URL: http://econpapers.repec.org/paper/vanwpaper/vuecon-12-00012.htm
Review by Chris Colvin

Do banks facilitate economic growth, and if so, what type of banks do so best? Matthew Jaremski and Peter Rousseau attempt to answer this question by looking at the economic impact of the entry of “free banks” to the US market for banking services in the mid-nineteenth century.

Free banks, so called because they required no charter, were an early form of financial liberalisation which in the long-run proved to be unsuccessful; by 1863, one third of all the free banks ever created had closed.

The advent of free banking laws lowered entry barriers because any group of individuals could establish a bank, as long as they fulfilled certain requirements set down by the state in which they operated. The incumbent charter banks, by contrast, required significant political lobbying before they were permitted to open.

Jaremski and Rousseau look at a period of US history in which both types of bank operated side-by-side. Using county-level social, financial and economic data, they are able to track the impact, if any, of a bank opening on its locality.

Jaremski and Roussasu find that free banking had little effect on growth

Jaremski and Roussasu find that free banking had little effect on growth

Overall, they find that banks of any kind had a strong effect on local growth, especially in manufacturing. But when differentiating the impact by bank type (charter versus free), charter banks had a positive effect while free banks had little or no effect on growth.

So in conclusion, banks appear to facilitate economic growth, but free banks not so much. Why? The authors reckon it has something to do with: (1) what they were investing in (agriculture rather than manufacture); (2) what backed their note issues (some states required very little stable collateral); and (3) new banking legislation in the 1860s (which saw the advent of national banking).

The Open Access Debate and Economic History

This paper, which was distributed by NEP-HIS 2013-02-03, is an example of an alternative use of working paper series: the distribution of soon-to-be-published journal articles that have already gone through peer review.
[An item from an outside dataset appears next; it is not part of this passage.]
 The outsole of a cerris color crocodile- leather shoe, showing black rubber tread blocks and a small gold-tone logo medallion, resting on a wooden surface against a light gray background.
Jaremski and Rousseau are about to have this article published in Economic Inquiry; it is already available there on Early View.
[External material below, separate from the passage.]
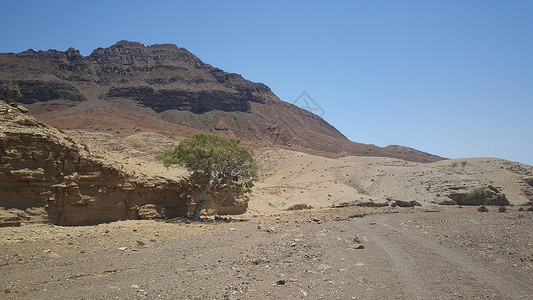 穿过沙漠的碎石路天空岩石石头爬坡公路高清图片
Why do authors use working paper series for this purpose? Well, probably to improve the access to their work.

Improving access to academic work is a very live political issue here in the UK. There is much talk about ways to make academic research available to the general public. The UK government seems to be in favour of something called Gold Access, where researchers pay to have their work published in journals (see here). This strikes me as a way to prop up the status quo, to support publishers’ existing business models, which in my opinion have come under incredible pressure from digital paper archiving and distribution services like RePEc.

An alternative mooted by others has been dubbed Green Access, and is very much the spirit of what Jaremski and Rousseau do here: in addition to publishing work in the standard way, through an established journal with peer review, academics make a version of their article available free-of-charge through their own website or their institution’s online archive, perhaps after some time delay. Many publishers seem dead against this route, perhaps because it threatens their business model more than Gold Access would. But I think putting pressure on their business is a good idea; I reckon that the likes of Elsevier need this pressure in order to curb their market power.

The Economic History Society has recently sent at letter to the UK government committee tasked with looking into the issue of Open Access (see here). It is written from the perspective of not-for-profit academic publisher, and has a different assessment of the situation than me. I urge economic historians to read it and debate its implications, also those located outside of the UK.